Kayısı geçirdiği bu uzun yolculuğun ardından meşrubattan sabuna, reçelden parfüme kadar birçok üründe değerlendiriliyor ve insan hayatının hemen her alanında yerini alıyor.
“BUNU DÜNYAYA TANITMAMIZ GEREKİYOR”
Kayısıda çalışmak için ailesiyle birlikte Şanlıurfa’dan Malatya’ya gelen mevsimlik işçi Mehmet İpeksatan, kayısının dalından silkelenip, pazara gidene kadarki serüveniyle ilgili yaptığı açıklamada, “İlk önce naylon muşambalar seriyoruz. Sonra kızlar dökülen kayısıyı kasalara dolduruyor, oradan sergiye getiriyoruz. Burada islime atıyoruz, islimde 1 geceden fazla kalıyor. Daha sonra sabahın serinliğinde çıkarıp seriyoruz. Bu işlem sıcak sıcak yapılmaz. Hava ısınınca tekrar silkelemeye gidiyoruz. Bir sonraki sabah ise daha önce serdiğimizi topluyoruz ve patik aşamasına geçiliyor. Tabi patik aşamasından sonra da kayısıyı bir kez daha kurumaya bırakıyoruz. Dünyada ve Türkiye’de tek olan bu kayısı için Malatya’da bir meyve suyu fabrikası bile olmadığını öğrendiğimde çok şaşırdım. Dedim ki, başbakanı görsem ben söyleyeceğim. Yani nasıl Malatya kayısının diyarı da burada bir meyve suyu fabrikası olmaz hayret ettim. Bunu dünyaya tanıtmamız gerekiyor. Böyle güzel, Allah bize vermiş ve hiçbir yerde yok. Bence şimdiye kadar gerektiği değeri almamış kayısı” ifadelerini kullandı.
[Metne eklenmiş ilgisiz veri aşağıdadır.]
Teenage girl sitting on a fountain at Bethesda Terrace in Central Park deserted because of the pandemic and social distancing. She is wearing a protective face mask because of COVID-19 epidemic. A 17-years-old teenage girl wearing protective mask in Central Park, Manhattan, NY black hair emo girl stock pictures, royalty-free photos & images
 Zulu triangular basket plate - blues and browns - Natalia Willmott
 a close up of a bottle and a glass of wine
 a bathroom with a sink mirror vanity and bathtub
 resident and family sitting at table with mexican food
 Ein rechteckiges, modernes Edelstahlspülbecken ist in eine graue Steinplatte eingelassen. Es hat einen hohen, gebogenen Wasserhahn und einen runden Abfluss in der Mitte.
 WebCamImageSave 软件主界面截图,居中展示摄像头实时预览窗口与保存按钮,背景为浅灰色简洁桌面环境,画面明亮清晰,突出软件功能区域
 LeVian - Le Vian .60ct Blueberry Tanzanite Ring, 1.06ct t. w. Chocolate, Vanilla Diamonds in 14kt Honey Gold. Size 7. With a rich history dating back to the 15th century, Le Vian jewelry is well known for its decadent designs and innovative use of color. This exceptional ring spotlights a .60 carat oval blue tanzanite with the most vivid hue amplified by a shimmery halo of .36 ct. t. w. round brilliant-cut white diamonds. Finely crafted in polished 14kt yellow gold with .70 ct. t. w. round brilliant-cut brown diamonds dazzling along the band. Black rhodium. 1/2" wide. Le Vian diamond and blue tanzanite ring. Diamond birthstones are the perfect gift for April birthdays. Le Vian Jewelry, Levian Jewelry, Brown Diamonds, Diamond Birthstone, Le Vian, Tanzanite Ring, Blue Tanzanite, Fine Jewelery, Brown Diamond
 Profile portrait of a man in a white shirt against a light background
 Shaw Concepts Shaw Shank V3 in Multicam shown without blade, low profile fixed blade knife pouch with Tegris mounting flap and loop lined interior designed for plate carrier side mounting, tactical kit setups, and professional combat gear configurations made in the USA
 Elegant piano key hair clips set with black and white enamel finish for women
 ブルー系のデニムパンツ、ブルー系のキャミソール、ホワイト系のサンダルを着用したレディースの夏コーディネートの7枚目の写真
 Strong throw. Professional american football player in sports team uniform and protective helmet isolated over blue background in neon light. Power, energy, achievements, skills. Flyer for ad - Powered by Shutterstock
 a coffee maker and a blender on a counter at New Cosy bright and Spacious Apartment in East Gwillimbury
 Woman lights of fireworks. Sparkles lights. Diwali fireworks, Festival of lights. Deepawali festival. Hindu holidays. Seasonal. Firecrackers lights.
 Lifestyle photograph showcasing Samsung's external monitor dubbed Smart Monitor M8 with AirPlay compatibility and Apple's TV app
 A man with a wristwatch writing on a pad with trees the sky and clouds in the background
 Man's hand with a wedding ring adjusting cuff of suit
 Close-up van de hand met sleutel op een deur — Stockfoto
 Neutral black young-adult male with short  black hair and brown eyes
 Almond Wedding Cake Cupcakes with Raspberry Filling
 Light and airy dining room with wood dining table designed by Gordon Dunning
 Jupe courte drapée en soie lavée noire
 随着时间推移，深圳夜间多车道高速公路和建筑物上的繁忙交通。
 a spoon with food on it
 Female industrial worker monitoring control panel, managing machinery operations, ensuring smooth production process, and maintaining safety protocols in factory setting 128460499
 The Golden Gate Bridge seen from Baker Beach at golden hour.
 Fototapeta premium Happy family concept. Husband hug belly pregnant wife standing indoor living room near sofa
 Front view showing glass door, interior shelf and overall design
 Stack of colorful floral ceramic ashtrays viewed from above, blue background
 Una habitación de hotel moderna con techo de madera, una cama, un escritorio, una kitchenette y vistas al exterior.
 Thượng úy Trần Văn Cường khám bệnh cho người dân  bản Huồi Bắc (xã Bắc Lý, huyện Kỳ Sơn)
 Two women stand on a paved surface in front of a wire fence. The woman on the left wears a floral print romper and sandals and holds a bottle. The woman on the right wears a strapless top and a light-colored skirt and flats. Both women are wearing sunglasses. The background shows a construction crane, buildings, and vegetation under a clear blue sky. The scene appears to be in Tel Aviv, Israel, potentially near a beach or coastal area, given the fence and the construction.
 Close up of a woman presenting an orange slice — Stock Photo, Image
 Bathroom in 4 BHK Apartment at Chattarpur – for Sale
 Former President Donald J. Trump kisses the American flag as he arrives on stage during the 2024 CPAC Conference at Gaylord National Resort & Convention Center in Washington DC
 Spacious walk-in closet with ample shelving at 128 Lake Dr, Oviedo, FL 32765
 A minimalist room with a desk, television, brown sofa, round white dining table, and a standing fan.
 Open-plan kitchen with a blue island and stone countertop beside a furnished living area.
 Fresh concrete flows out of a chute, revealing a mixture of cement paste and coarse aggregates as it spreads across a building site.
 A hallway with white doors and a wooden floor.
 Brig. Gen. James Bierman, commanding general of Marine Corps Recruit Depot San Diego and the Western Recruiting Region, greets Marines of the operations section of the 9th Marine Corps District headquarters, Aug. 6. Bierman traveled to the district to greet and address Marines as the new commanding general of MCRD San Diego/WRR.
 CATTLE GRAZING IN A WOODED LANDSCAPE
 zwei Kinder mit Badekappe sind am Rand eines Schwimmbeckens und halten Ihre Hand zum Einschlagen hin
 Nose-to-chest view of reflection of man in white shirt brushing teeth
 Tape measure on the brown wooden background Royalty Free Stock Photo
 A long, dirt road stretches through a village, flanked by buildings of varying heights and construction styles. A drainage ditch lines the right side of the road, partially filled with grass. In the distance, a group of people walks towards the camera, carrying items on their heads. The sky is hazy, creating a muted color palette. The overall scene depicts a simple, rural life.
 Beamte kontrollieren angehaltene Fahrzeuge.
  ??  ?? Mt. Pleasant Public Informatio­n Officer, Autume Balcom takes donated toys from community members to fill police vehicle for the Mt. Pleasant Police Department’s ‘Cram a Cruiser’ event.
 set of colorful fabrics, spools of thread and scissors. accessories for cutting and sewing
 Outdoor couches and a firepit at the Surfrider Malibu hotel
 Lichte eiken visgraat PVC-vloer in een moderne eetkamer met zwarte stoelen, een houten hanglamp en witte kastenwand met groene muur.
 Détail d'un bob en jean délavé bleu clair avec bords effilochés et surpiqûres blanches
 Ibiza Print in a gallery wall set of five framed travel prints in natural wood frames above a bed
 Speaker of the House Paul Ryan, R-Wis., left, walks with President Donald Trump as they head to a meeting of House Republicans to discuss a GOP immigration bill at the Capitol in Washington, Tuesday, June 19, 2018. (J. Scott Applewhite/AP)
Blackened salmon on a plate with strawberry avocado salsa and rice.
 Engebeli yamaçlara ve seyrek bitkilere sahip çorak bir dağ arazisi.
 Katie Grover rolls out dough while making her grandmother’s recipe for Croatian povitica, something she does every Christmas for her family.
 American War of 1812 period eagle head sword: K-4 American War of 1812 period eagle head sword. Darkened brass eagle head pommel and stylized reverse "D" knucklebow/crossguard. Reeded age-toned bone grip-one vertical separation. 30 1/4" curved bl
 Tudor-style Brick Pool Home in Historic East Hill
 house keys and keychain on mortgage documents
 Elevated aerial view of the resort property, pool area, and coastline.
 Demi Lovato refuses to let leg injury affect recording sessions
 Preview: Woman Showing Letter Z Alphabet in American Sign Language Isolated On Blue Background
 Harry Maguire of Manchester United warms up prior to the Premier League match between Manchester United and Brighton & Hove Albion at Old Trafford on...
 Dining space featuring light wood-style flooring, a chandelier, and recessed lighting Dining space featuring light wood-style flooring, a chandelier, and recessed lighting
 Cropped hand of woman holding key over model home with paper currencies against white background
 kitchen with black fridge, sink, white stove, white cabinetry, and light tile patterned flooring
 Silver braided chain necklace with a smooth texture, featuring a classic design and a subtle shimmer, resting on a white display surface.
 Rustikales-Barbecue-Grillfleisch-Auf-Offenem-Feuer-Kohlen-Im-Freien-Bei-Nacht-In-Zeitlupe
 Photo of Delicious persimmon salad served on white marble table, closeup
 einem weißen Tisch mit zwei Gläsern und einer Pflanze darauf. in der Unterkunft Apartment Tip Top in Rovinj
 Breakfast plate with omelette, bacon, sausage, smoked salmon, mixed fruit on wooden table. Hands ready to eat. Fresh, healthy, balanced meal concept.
“BURAYA GELENE KADAR 10 ELDEN GEÇİYOR”
Çiftçi İbrahim Karatepe de kayısının sergiye gelene kadar 10 elden geçtiğini ifade ederek, “Tek bir kayısı buraya gelene kadar 10 elden geçiyor. İlk önce tek tek silkelenir, kasalara konulur. Oradan islime, islimden sergiye, sergiden tekrar patiğe, ondan sonra tekrar sergiye gider. Toplandıktan sonra ambara, orada da kurumaya bırakılır. En son da pazara gider. Şu andaki tabloya baktığımızda kayısı çok ama para etmiyor. İhracat yok, dışarıya gitmiyor. El atan da yok. Dediğim gibi kayısının dalda çürüyeni de çok. Yani adamlar dalında bırakıp gittiler. İnanın emeğini kurtarsa yine iyi, işçi parasını çıkarsa razıyız. Bir işçi günde 30 kilo kayısı yapsa, bu kayısının kilosu da 3 lira veya 5 liradan gitse kurtarmıyor. Hesap belli, bir işçinin yevmiyesi 75-80 lira” diye konuştu.